▶ **Problem details**
Copy out exactly the lines from the one containing "Kvinde iført lyseblå" to the last line of the records below, both included, and leave out any pictures.

▶ **Records to use**

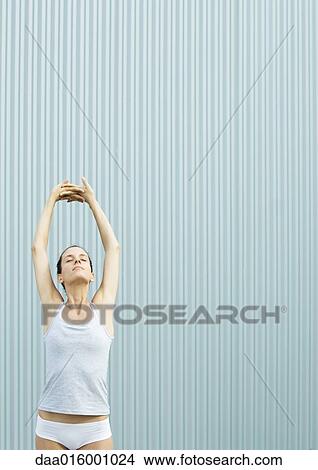Picture - Woman standing stretching arms over head. Fotosearch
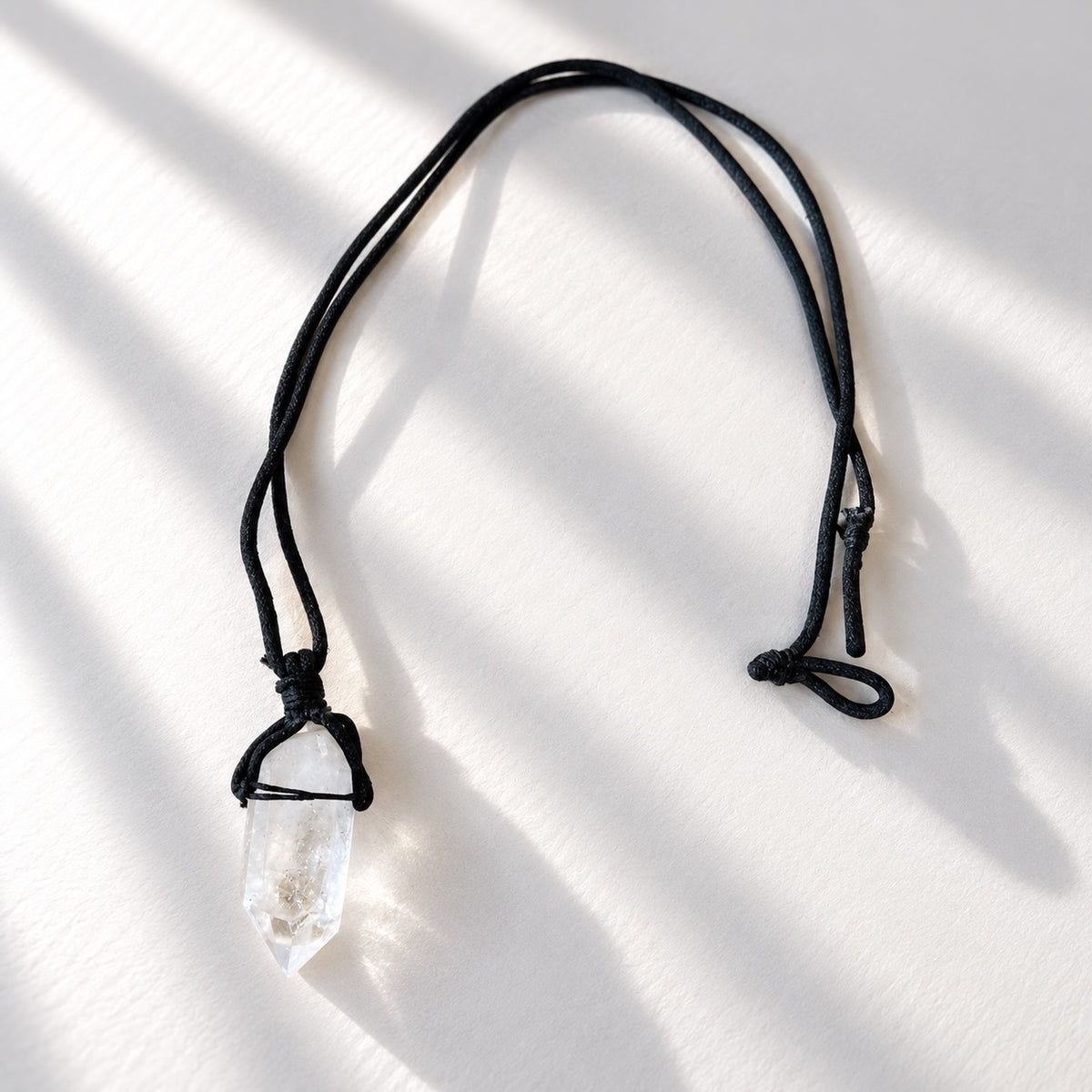 Raw clear quartz crystal necklace with natural crystal pendant on black cord.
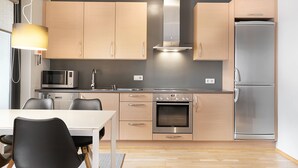 A modern kitchen with wooden cabinets, stainless steel appliances, a dining table with chairs, and a pendant light. - Downtown Apartment by Old Harbor (Reykjavík)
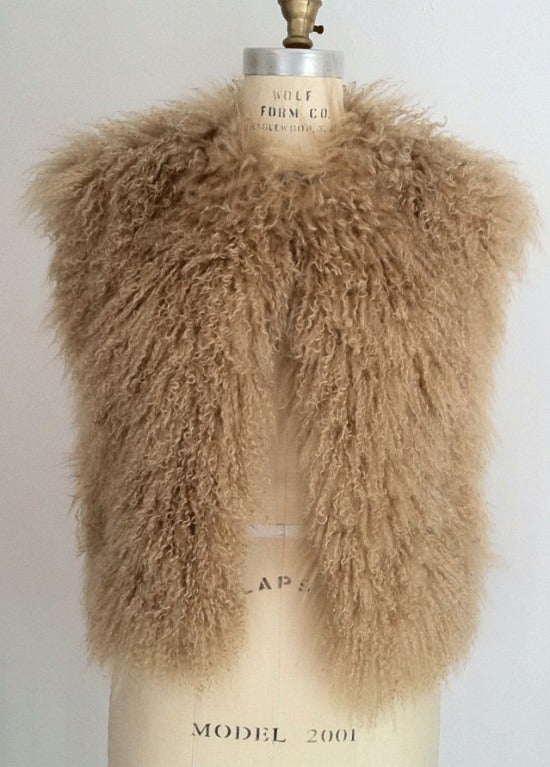 Fine vintage Mongolian curly lamb fur vest. Sleeveless 'mocha' dyed fur item fully silk lined with hidden side pockets. Item features single hook closure at neck.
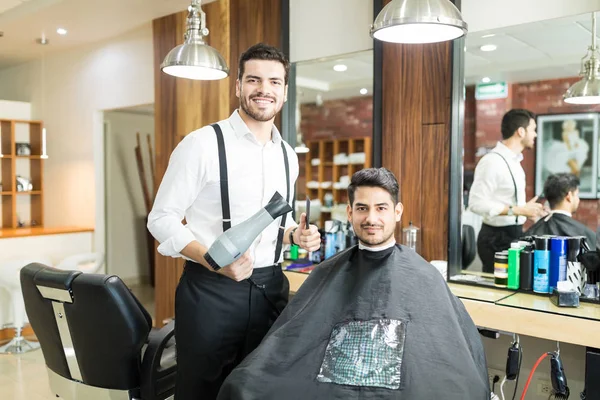 年轻理发师的肖像与吹风机站在男性客户附近的新发型沙龙 — 图库照片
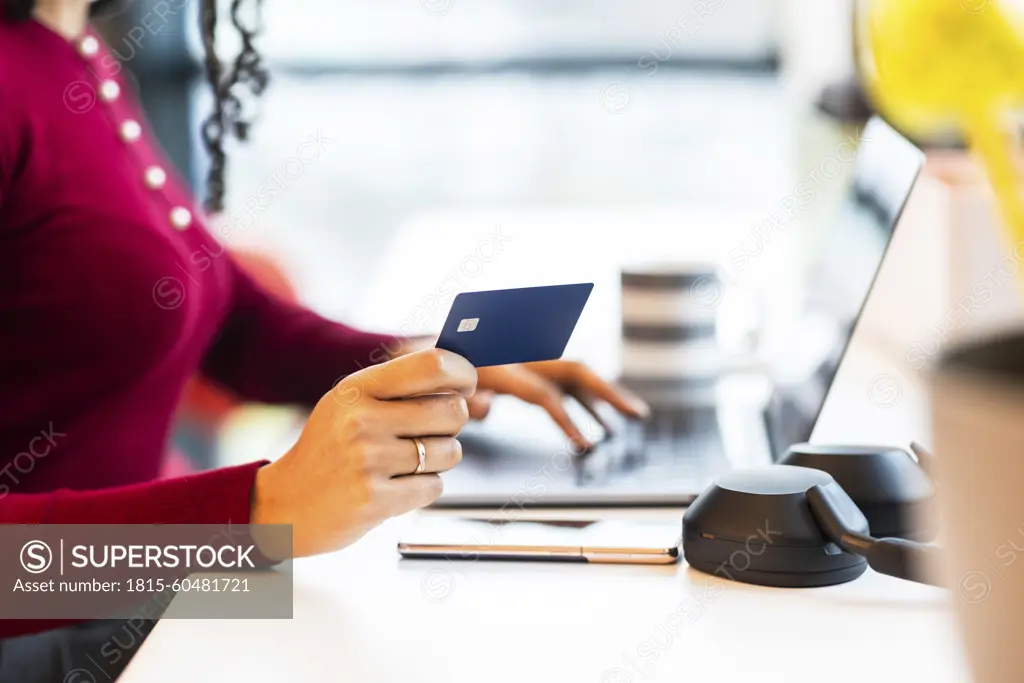 Businesswoman holding credit card and doing online shopping at office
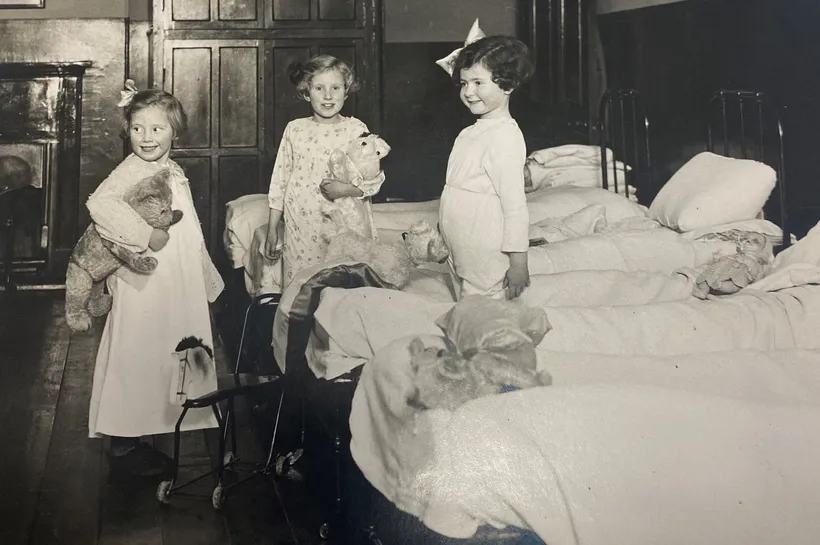 Black and white image of three girls dressed for bed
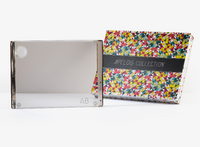A Personalized Solid Acrylic Challah Board by Apeloig, featuring initials in the corner, is displayed beside a vibrant patterned box labeled “APELOIG COLLECTION” on a white background.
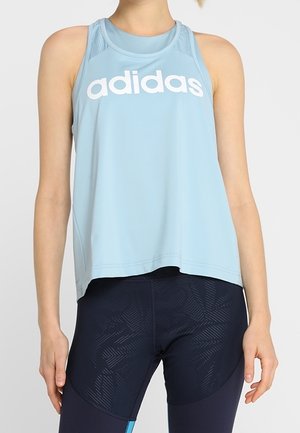 Kvinde iført lyseblå Adidas ærmeløs top og sorte leggings med mønster, stående med armene afslappet ned langs siderne mod en ensfarvet baggrund.
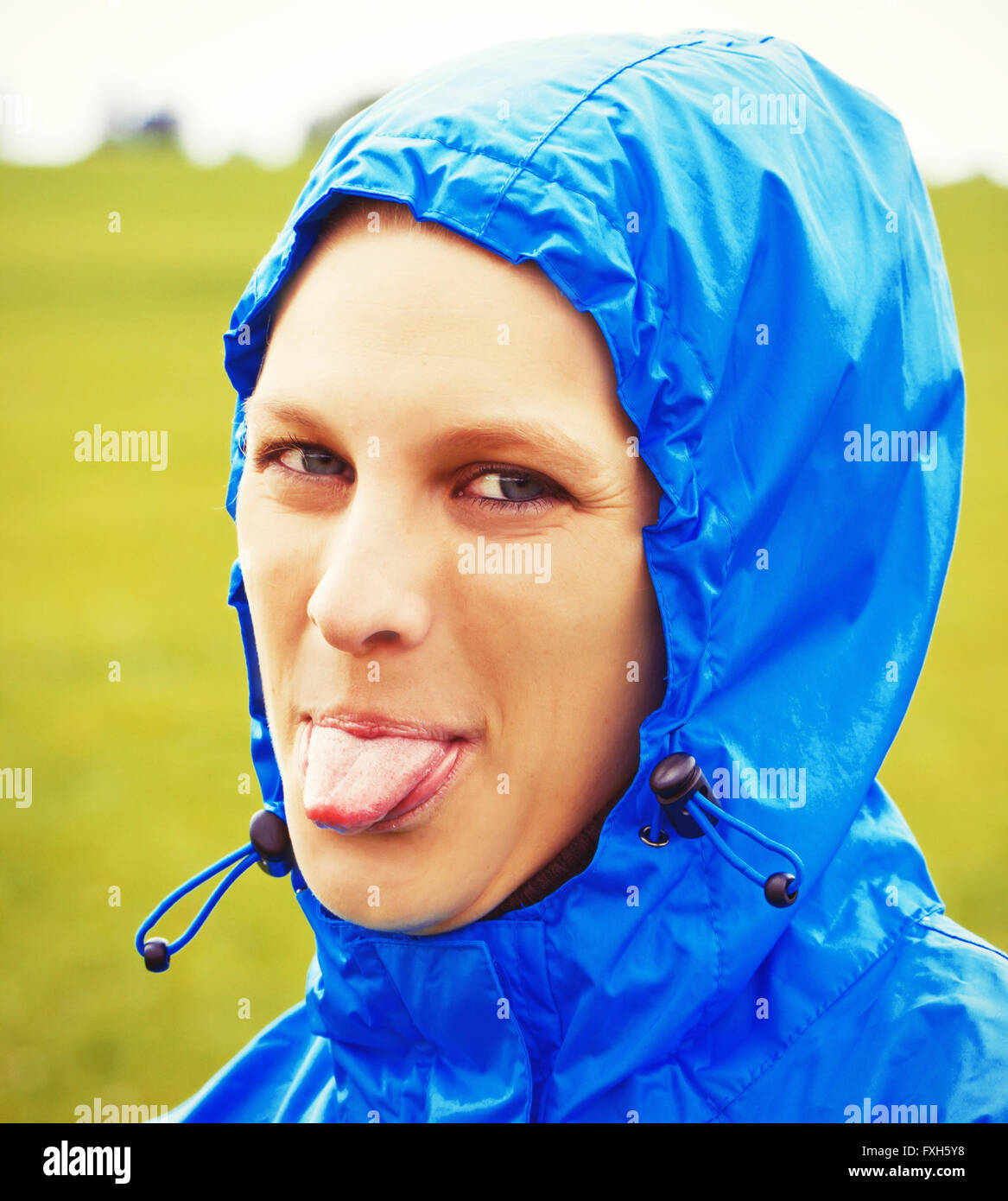 Young woman sticking tongue out on a rainy day Stock Photo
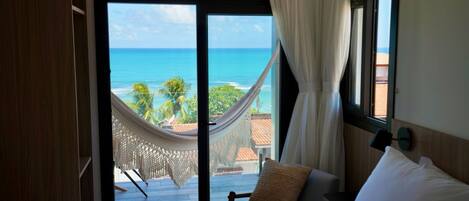 Suite Premium, vistas al mar | 1 dormitorio, caja fuerte, cortinas opacas y sistema de insonorización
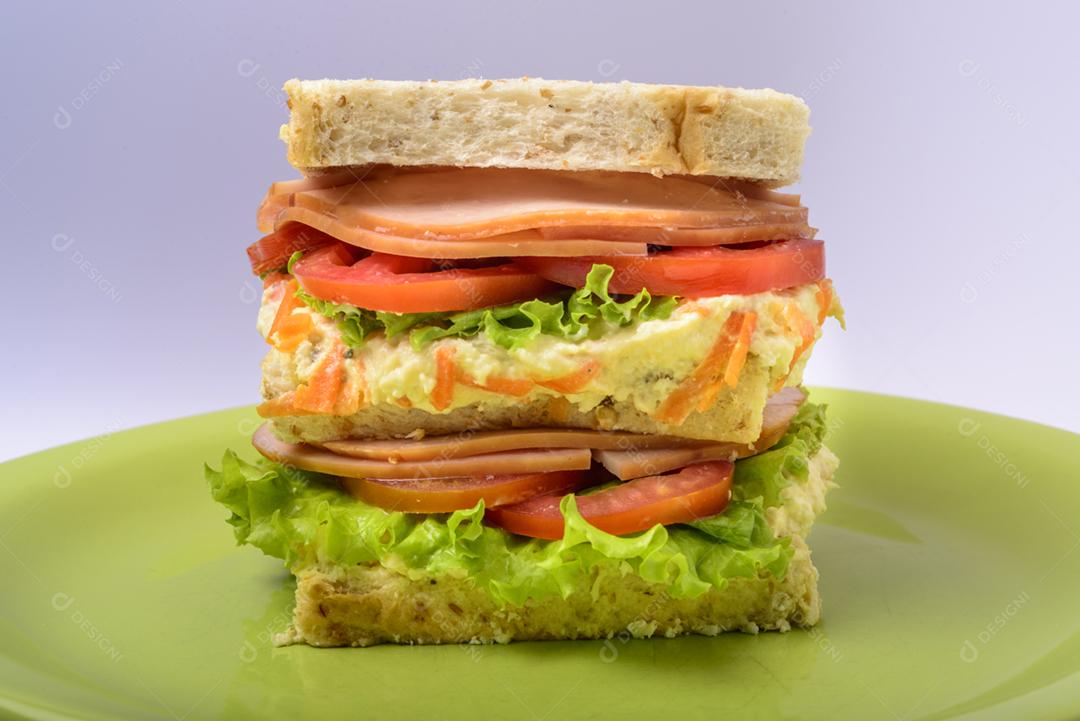 Sanduíche grande com presunto defumado, com alface e tomate na chapa verde. Comida rápida.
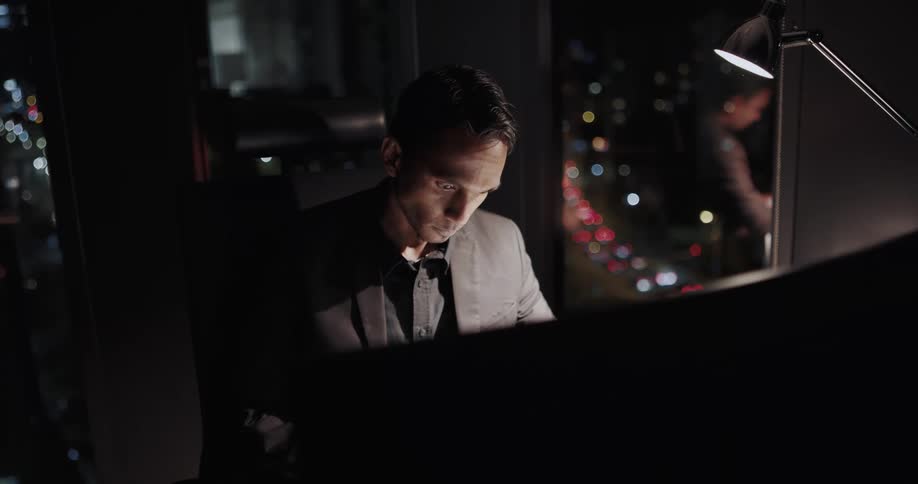 Man sitting at the desk in his office next to a big glass window looking very tired and sleepy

▶ **Solution for this exercise**
 Kvinde iført lyseblå Adidas ærmeløs top og sorte leggings med mønster, stående med armene afslappet ned langs siderne mod en ensfarvet baggrund.
 Young woman sticking tongue out on a rainy day Stock Photo
 Suite Premium, vistas al mar | 1 dormitorio, caja fuerte, cortinas opacas y sistema de insonorización
 Sanduíche grande com presunto defumado, com alface e tomate na chapa verde. Comida rápida.
 Man sitting at the desk in his office next to a big glass window looking very tired and sleepy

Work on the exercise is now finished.